> [RECORD EXCERPTS]:
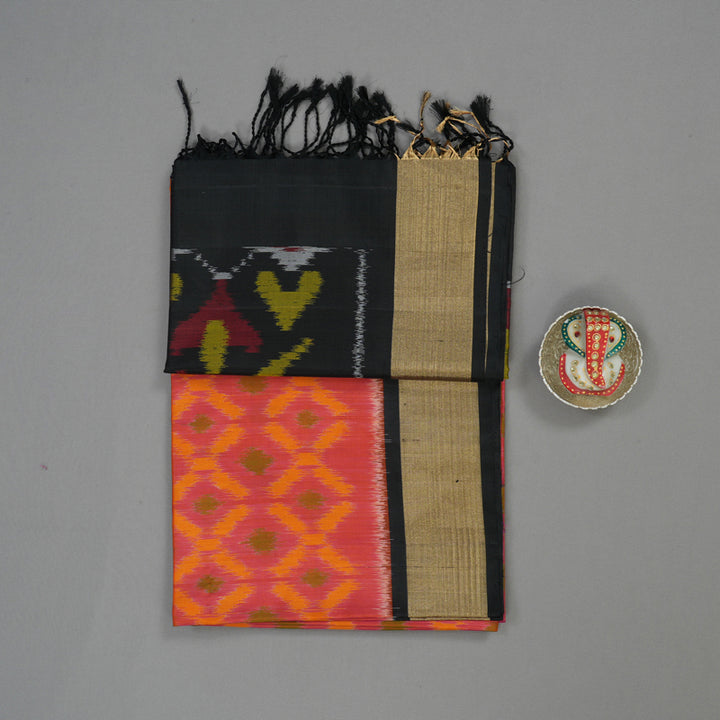 Hayagrivas Handloom Pink Pure Ikkat Soft Silk Saree with Black Border KBE663G2-41
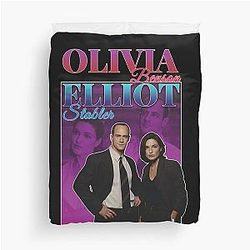Olivia Benson, Elliot Stabler 90s Inspired Vintage Homage Duvet Cover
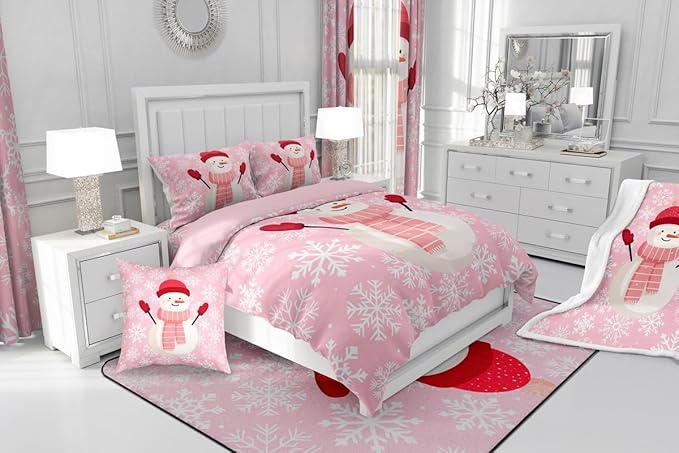 Feelyou Christmas Bedding Set Soft for Boys Girls, Snowman Pink Comforter Set Queen Size Xmas Snowflakes Duvet Quilt Microfiber Winter Snow Bedroom Decor 3 Pcs with 2 Pillow Cases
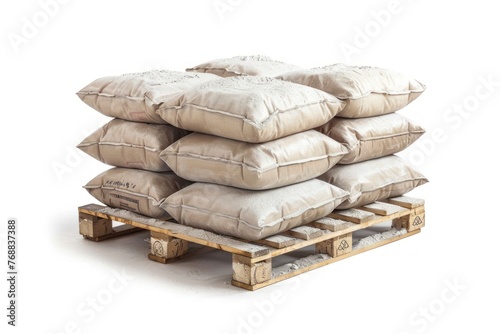 Cement bags stored on construction pallets Isolated on white background photo
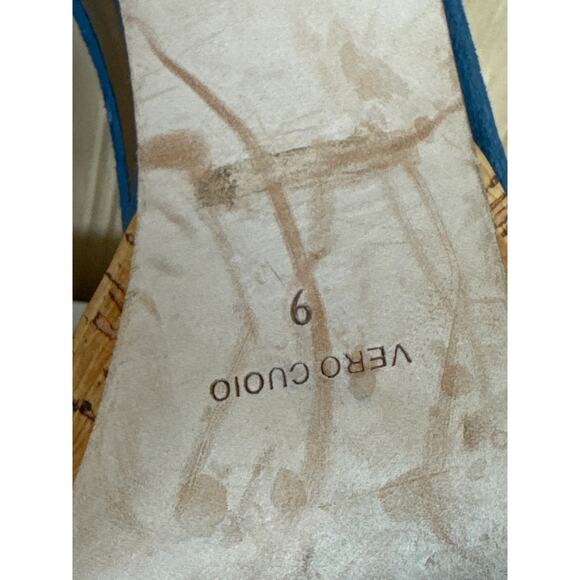 Barneys New York Women's Platform Chunky Heels-Blue Suede Leather Size 9 - Picture 10 of 11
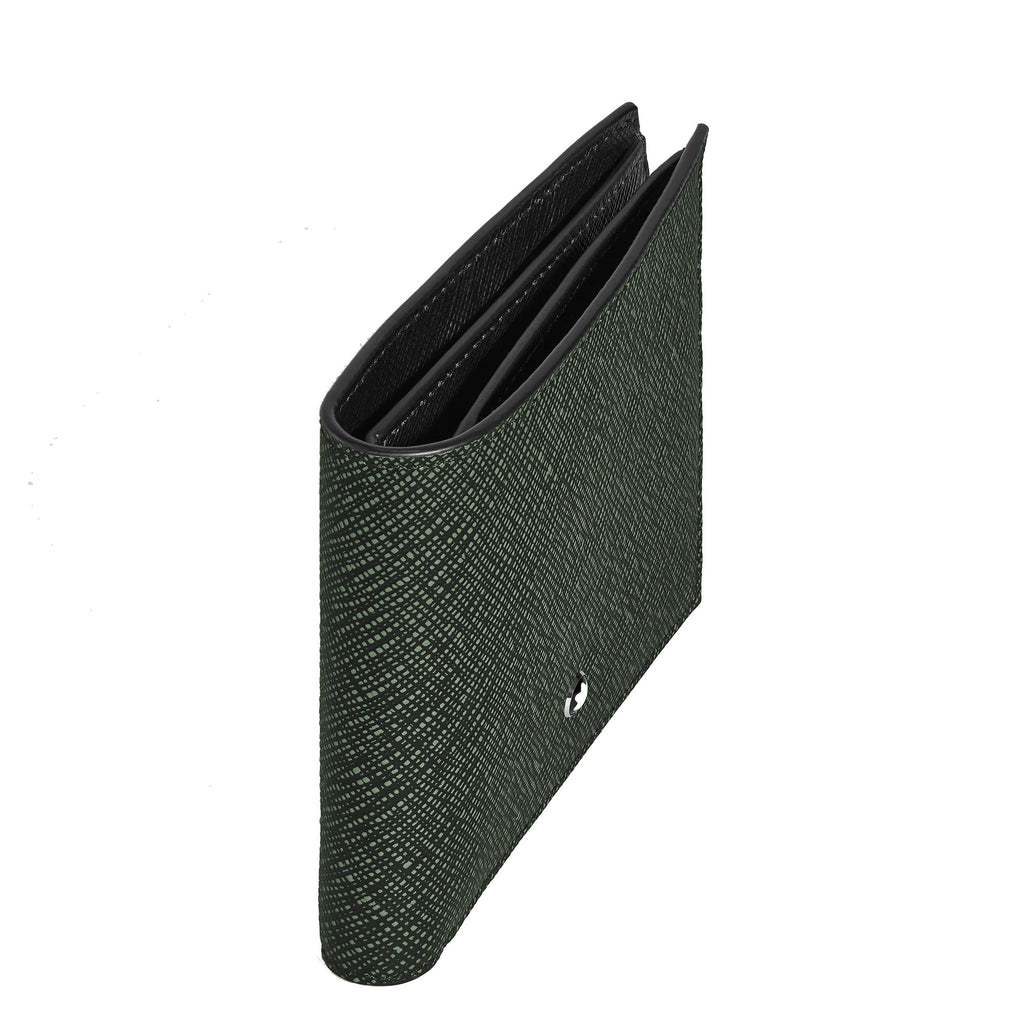 Montblanc portafoglio 6 scomparti sartorial tweed kaki 220385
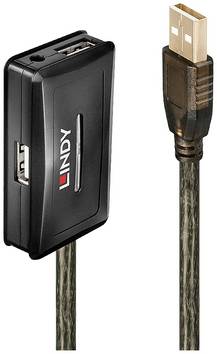 LINDY USB-Kabel  USB 2.0 USB-A Stecker, USB-A Buchse, USB-A Buchse, USB-A Buchse, USB-A Buchse 10.00 m Grau  42635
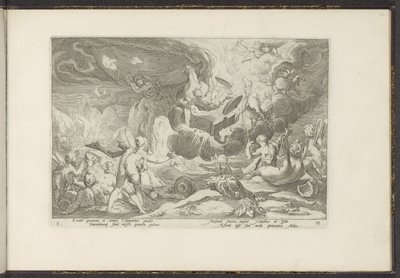 Val van Phaëthon door Hendrick Goltzius (workshop of)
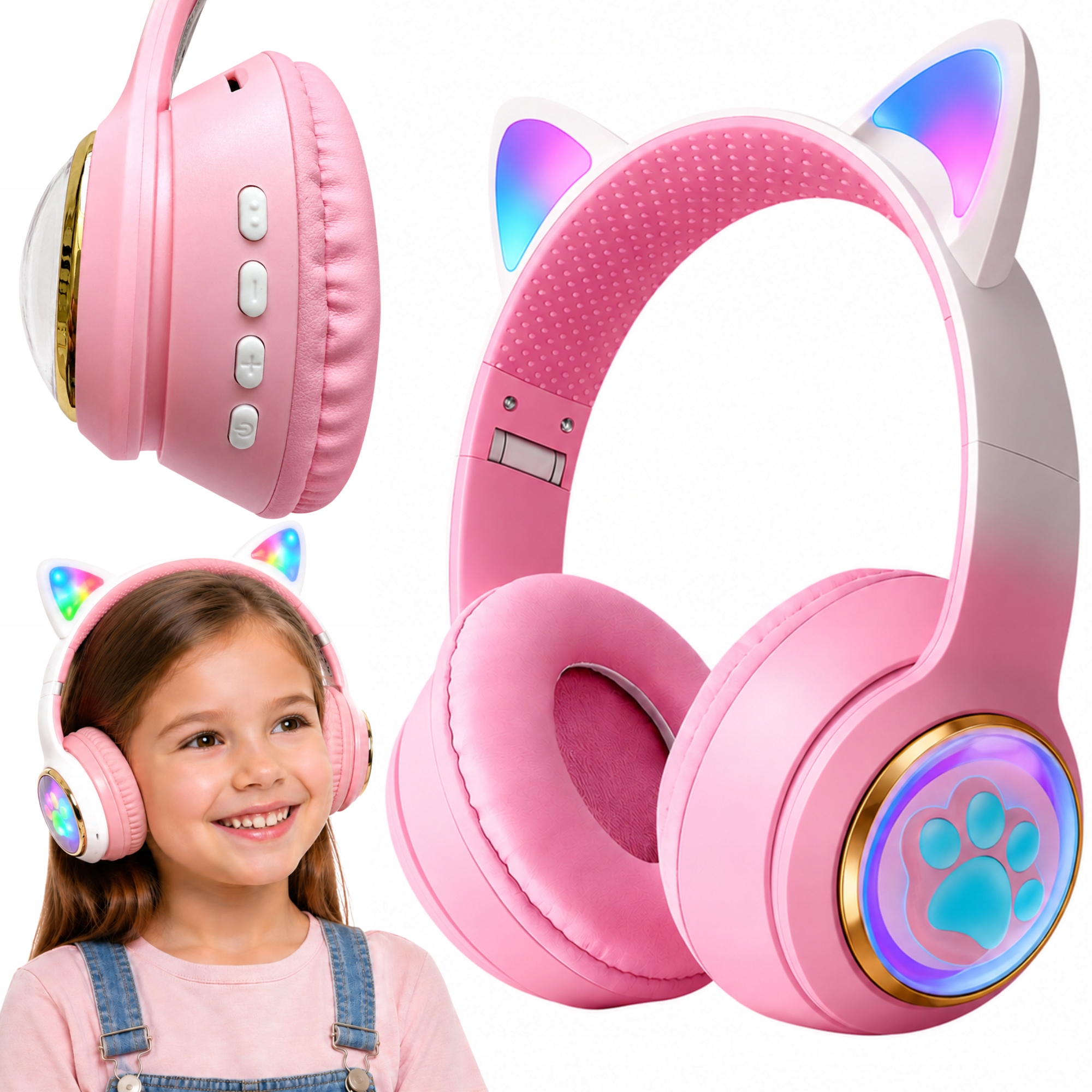 Słuchawki bezprzewodowe nauszne świecące Rgb Bluetooth kocie dla dzieci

> [ABOUT THIS TASK]: Give every line of the data above again as it stands; the pictures stay out.

> [ANSWER FOR THE TASK]:
 Hayagrivas Handloom Pink Pure Ikkat Soft Silk Saree with Black Border KBE663G2-41
Olivia Benson, Elliot Stabler 90s Inspired Vintage Homage Duvet Cover
 Feelyou Christmas Bedding Set Soft for Boys Girls, Snowman Pink Comforter Set Queen Size Xmas Snowflakes Duvet Quilt Microfiber Winter Snow Bedroom Decor 3 Pcs with 2 Pillow Cases
 Cement bags stored on construction pallets Isolated on white background photo
 Barneys New York Women's Platform Chunky Heels-Blue Suede Leather Size 9 - Picture 10 of 11
 Montblanc portafoglio 6 scomparti sartorial tweed kaki 220385
 LINDY USB-Kabel  USB 2.0 USB-A Stecker, USB-A Buchse, USB-A Buchse, USB-A Buchse, USB-A Buchse 10.00 m Grau  42635
 Val van Phaëthon door Hendrick Goltzius (workshop of)
 Słuchawki bezprzewodowe nauszne świecące Rgb Bluetooth kocie dla dzieci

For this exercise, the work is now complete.